[lit-ideas] Re: Sunday Poem

  • From: David Ritchie <ritchierd@xxxxxxxxxxxxx>
  • To: lit-ideas@xxxxxxxxxxxxx
  • Date: Sun, 21 Jan 2007 16:54:32 -0800

As in the new film about the Great War's Christmas truce, we open wi' a helicopter shot, the camera sweeping low o'er heather and stones. By magic of editing, we enter through a window to find a man wi' a long knife poised, ready to thrust through flesh and juices into the warm, reeking, gushing entrails of a four pound haggis, steaming on a trencher. Around the table sit characters, expectant, drawn together by love of Burns, conversation, promise of whisky and wine: Souter Johnie and his guid wife Meg, Laura, my ain fine wife, a humble yoga-teaching Stuart (aw' Stuarts are nae kith to the King) and his wife Dana, the Reverend Paul (actually a jolly painter), Helen and Pete, Bob and Terese, Julia, our lovely highland lassie, wi' her rosy lips and hair so fair. The man with the nineteenth century kitchen knife, holding the foot-long blade and his audience as he recites the "Address" from memory, is my father, come across the water and now completely in his element. So rapt, we await the annual plunge.

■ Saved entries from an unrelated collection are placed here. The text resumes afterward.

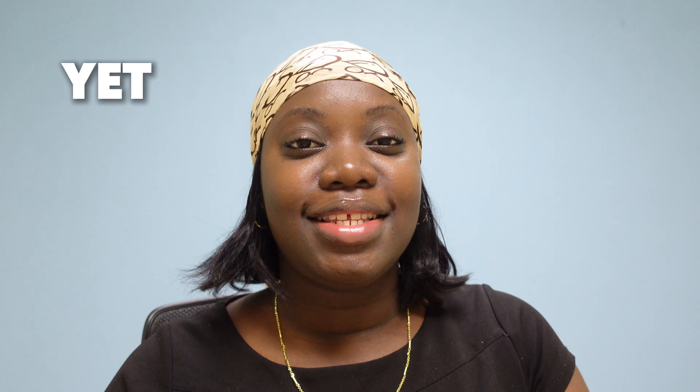Welcome or welcome back to my channel and to another episode of Surviving Summer. If you are new here, my name is Kimon and I would appreciate if you hit that subscribe button. But if you're a returning subscriber, thank you for tuning in.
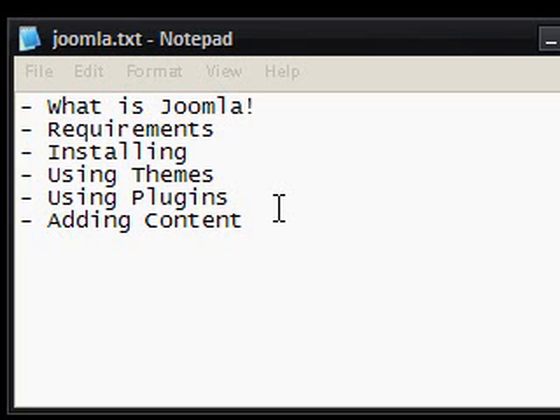Hi guys, this is a video on Windows software. This time I'm talking about how to make a website easily without having to edit or create any code. We're going to use something called Joomla. Joomla is a content management system. If you picture yourself on a forum posting a piece of content, how easy that is to do — you can pretty much do the same but post your content on a website.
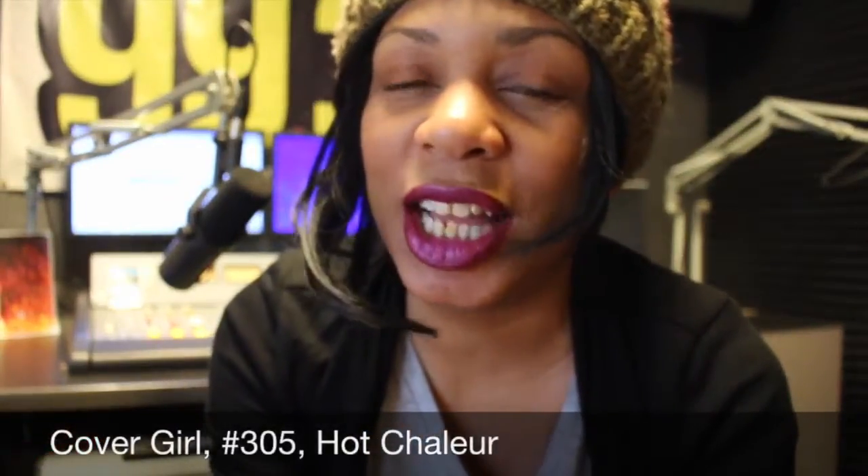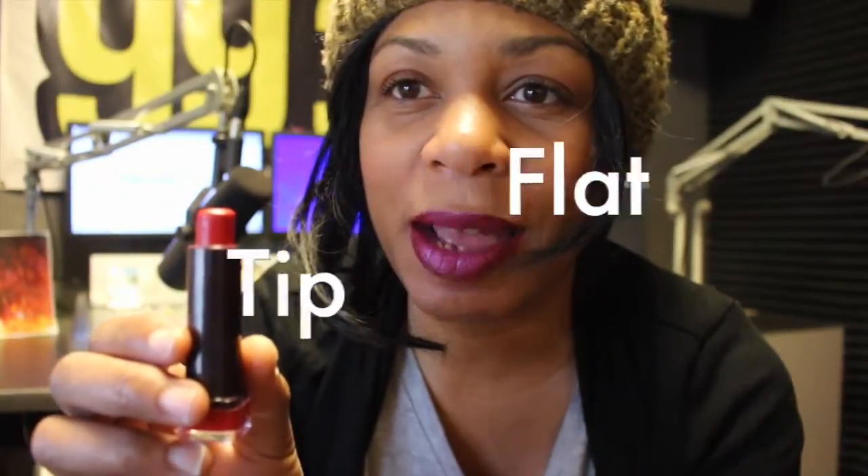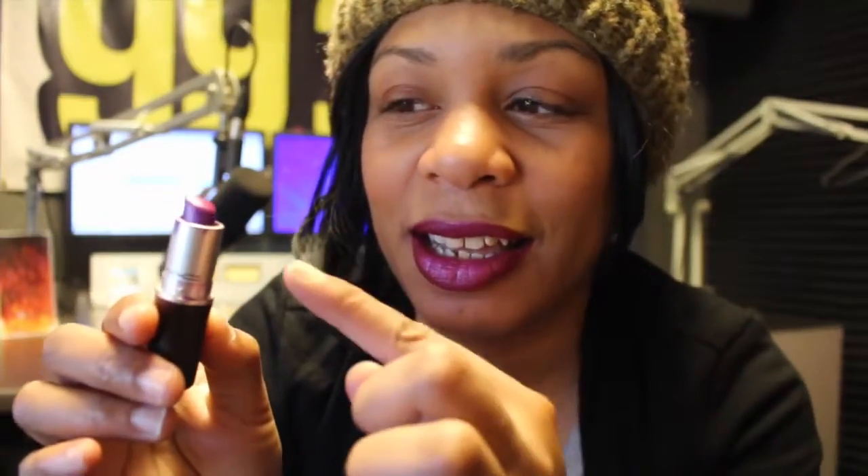I have a CoverGirl lipstick, number 305, it's called Hot Chaleur, and I have a flat tip. Next, I have a MAC lipstick, which I'm wearing now, it's called Violetta. It is slanted.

Here's me, earlier, realizing this big haggis should have simmered for forty five minutes *per pound,* not forty five minutes. In a T.V. cooking show move I reached into the freezer for my "reserve haggis," this one sma'. Leaving the main pudding sitting like a fat prince in hot water, I microwaved the wee 'un. Poetic irony! When the address was all done and both the skins had been pierced by Dad's firm hand, it was the wet one people judged dry.

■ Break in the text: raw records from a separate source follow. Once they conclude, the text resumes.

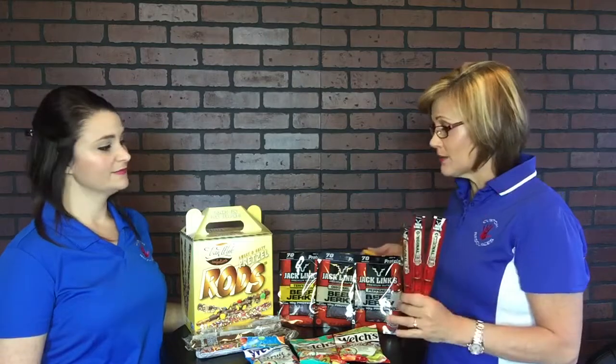Hey everybody, this is Tara and Heather at Custom Resources Fundraising. Heather, tell me a little bit about quick sellers. What is a quick seller exactly?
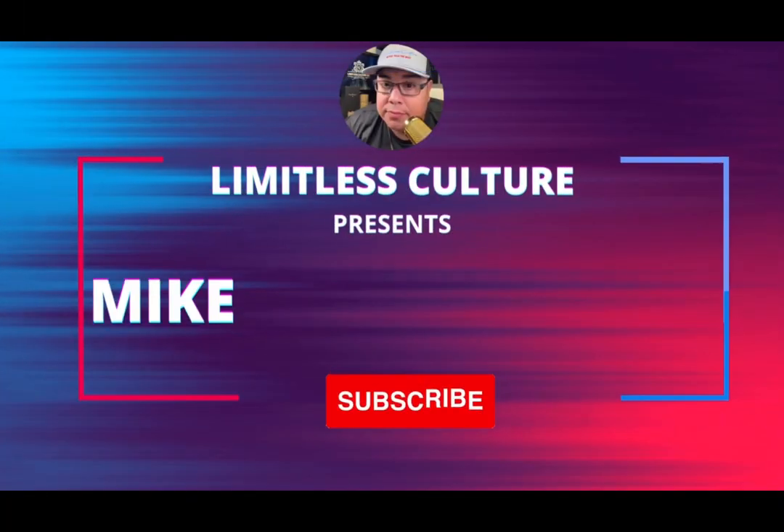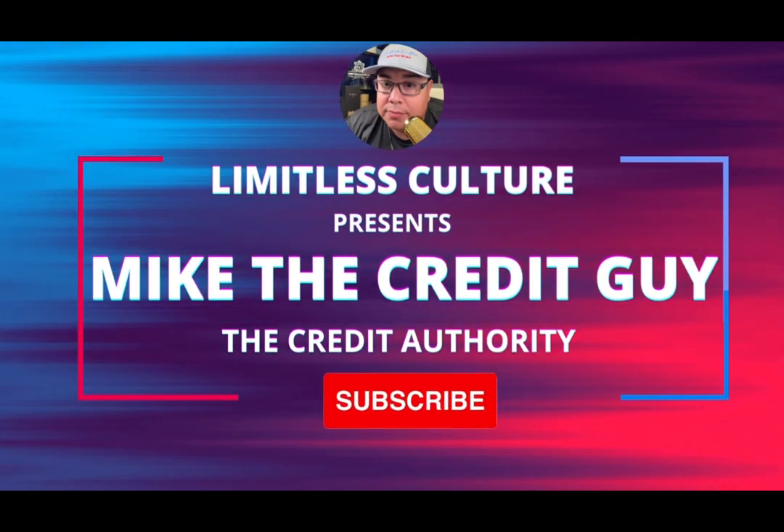You need to hear this huge secret that the credit bureaus do not want you to know. Today we're going to talk about reinsertion. What is reinsertion? When you're going through the dispute process with the credit bureaus, you get a deletion and an item gets deleted, and then magically it just pops back up, maybe 60 or 90 days after the deletion. I'm going to teach you the steps to help prevent reinsertion and, if something does get reinserted, how to handle it with the credit bureaus.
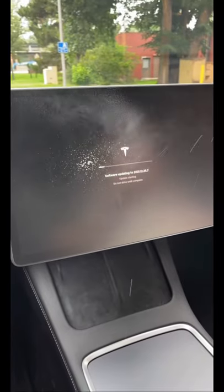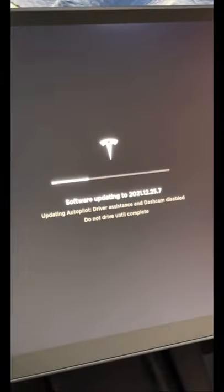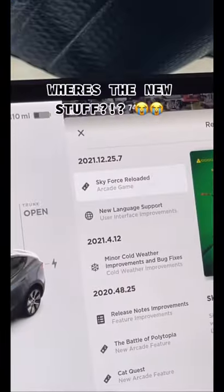I tried everything, so I decided just to wait it out and clean my screen instead. But after my screen got cleaned, it still took about another 20 minutes of waiting. And when it was done, it was just bug fixes!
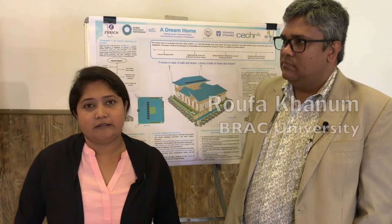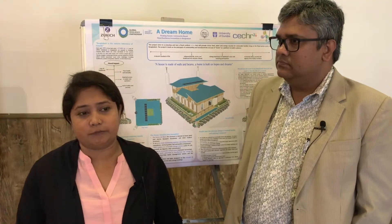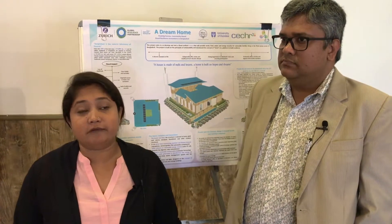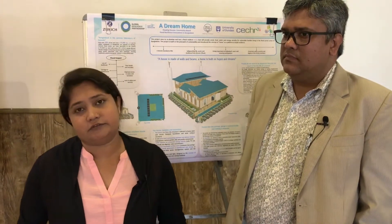Every year in our study area it has flooded for five to six months, so people are living in poor conditions. They are already a vulnerable community, and when floods happen the vulnerabilities increase. There is lack of livelihood, lack of food, and lack of safe shelter to live. In a flood situation they live in a very vulnerable situation.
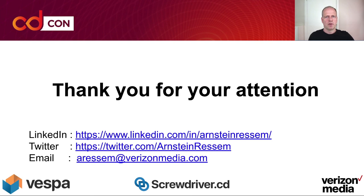If you have any more questions or follow-ups, please feel free to reach out to me at the contact information on this page. Thank you for your attention.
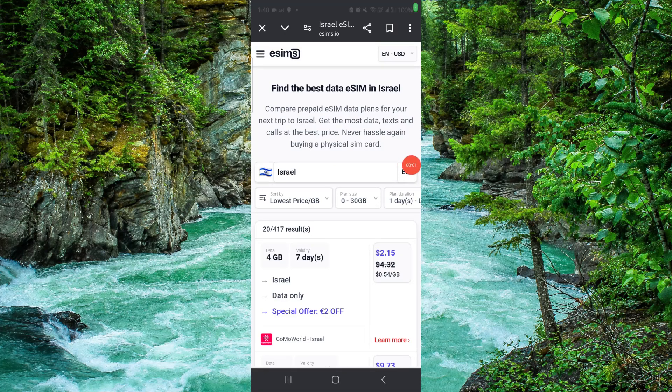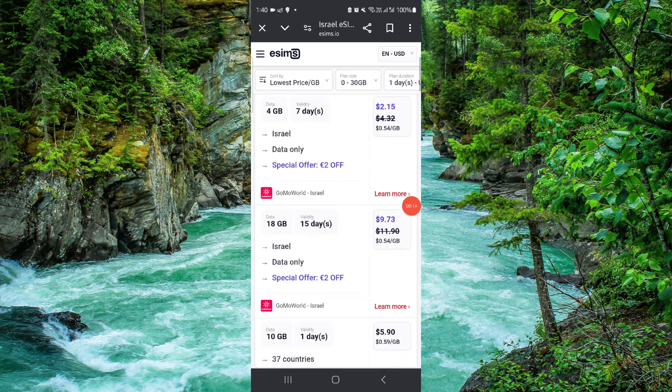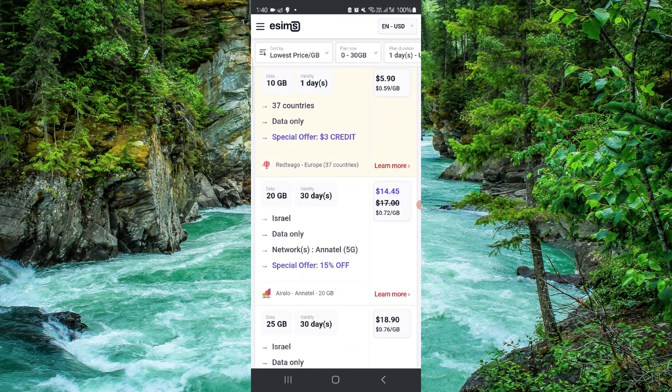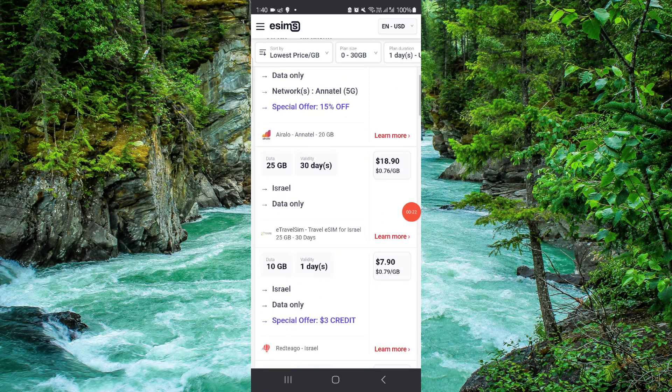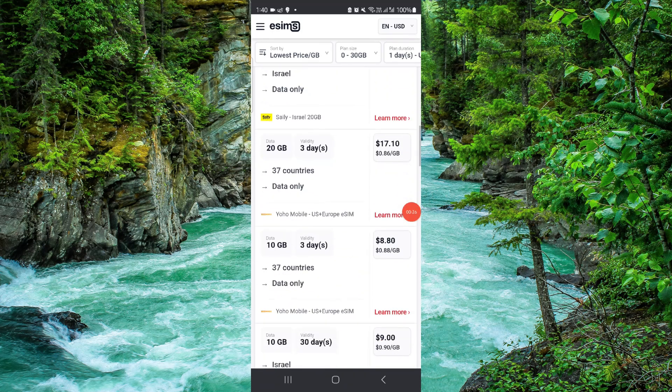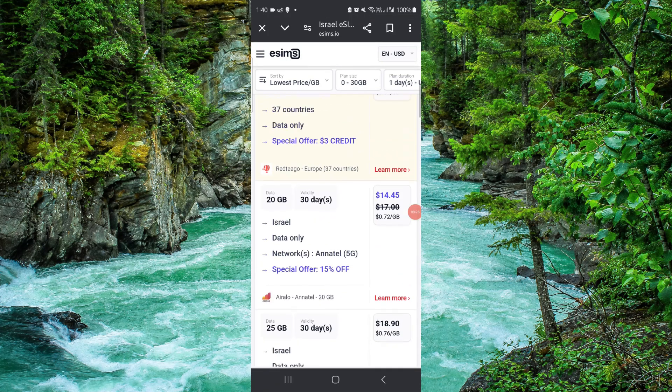Welcome back to my channel. In today's video I will show you the best eSIMs for Israel. Here we can see Israel. The first is the Gomo, then we have the Void, then we have the Red Tiago, then we have the Erio, and then many others as well, including Yahoo Mobile and others.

Glasses are charged from amber bottles, and toasts offered all around--here's tae us, wha's like us, damn few and they're aw' dead! Slices lie now hot on plates as I read from Robert Service's poem about the First World War, in which the dirty, stop-at-nothing Germans drop bombs on a prize haggis, fresh-unwrapped from home. I wind the tale up: Private Mc Phun is blind as a bat, Private Mc Phee has nae leg below the knee. Their comrades charge upon the Hun, every man with death in his ee, horrified by the ruination of the haggis o' Private McPhee. Such an apt dinner starter.

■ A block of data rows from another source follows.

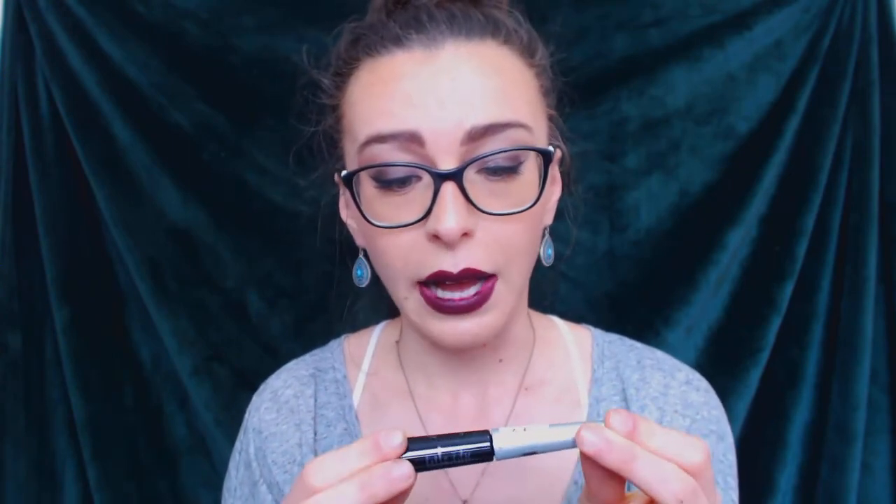Next is the Essence Dip Eyeliner — this is my go-to every single day. It's super cheap, about $3 at the drugstore. Essence is probably one of the cheapest drugstore makeup brands I've ever seen, but it's good quality. I have nothing bad to say about it — I'm wearing it today. It's very pigmented and I really like this kind of application with the smaller tip, which allows more fine-tuning. It makes fine details easy, especially when curving the line out on the side of your eye.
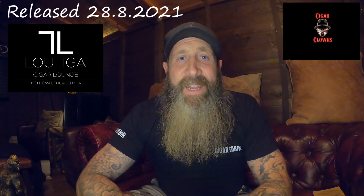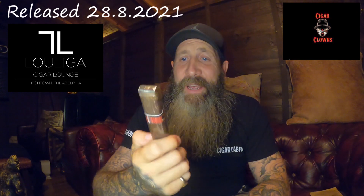The release date for this cigar is the 28th of August. You can order it through the Provada Cigar Club — yes, if you're in the UK there might be some shipping costs, but I think it's well worth the money. They're also doing a release party at the Lu Liga Lounge in Philly, starting at 12 o'clock. Their ideas are crazy, they're just getting better and better, just trying to find the perfect smoke.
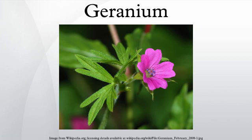Confusingly, geranium is also the common name of members of the genus Pelargonium, which are also in the Geraniaceae family. These are generally half-hardy plants which are either grown from seed every year, or offered as bedding in spring and discarded after flowering.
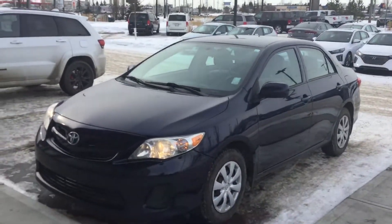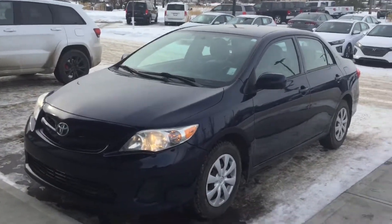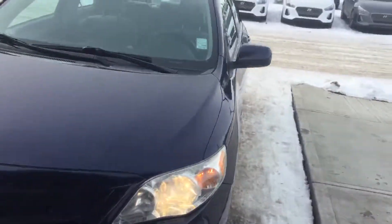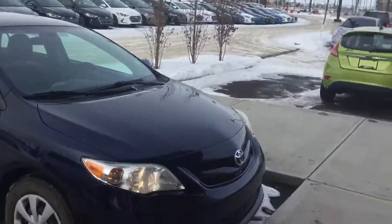Hi Saw, this is John from River City Hyundai. Today I'm showing you this 2011 Toyota Corolla. As you can see, it has a beautiful blue paint.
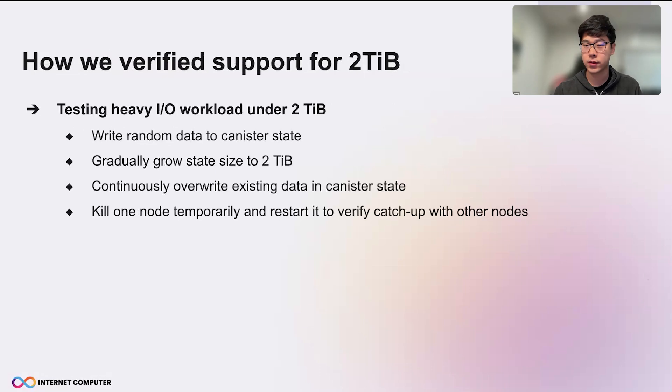How do we verify that we can support 2TBs? We performed a lot of testing with heavy I/O workload on 2TB state. We basically write random data to the canister state, gradually growing the state size to 2TB. Then we repeatedly override the existing data to create a lot of I/O workload under this 2TB state. We also tested state sync — we queued one node temporarily and restarted it to verify the node can still catch up with other nodes, even with such a large state.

Now over the top the roast beef comes, the neeps, and tatties follow, with trifle crouched in close support. Our stomachs, like bagpiped infantry, are stoic in assault. Eager as the market crowd, when "Catch the thief" resounds aloud, or as bees bizz out wi' angry fyke, when plundering herds assail their byke, up our conversation lofts and rises, then falls again on light-won prizes. My father slips whisky onto his haggis, takes a bite. Words come my way in a jumble, "pleasures are like volatile esters spread, and scattered oats, and hefty bread; memories that at a certain age mix fondly in your head, like stew or French ragout or olio or fricassee warmed fresh frae Marks and Sparks."

More talk follows, good and better yet. The evening, well begun, like many a wave scampers on, till late, when finally the full and glorious think on rolling out, then fortune, as sometimes haps in fog o' war, cracks a wintery smile; at the table we forget to sing, and so there's no last chance to harden that treacherous "s" in "syne."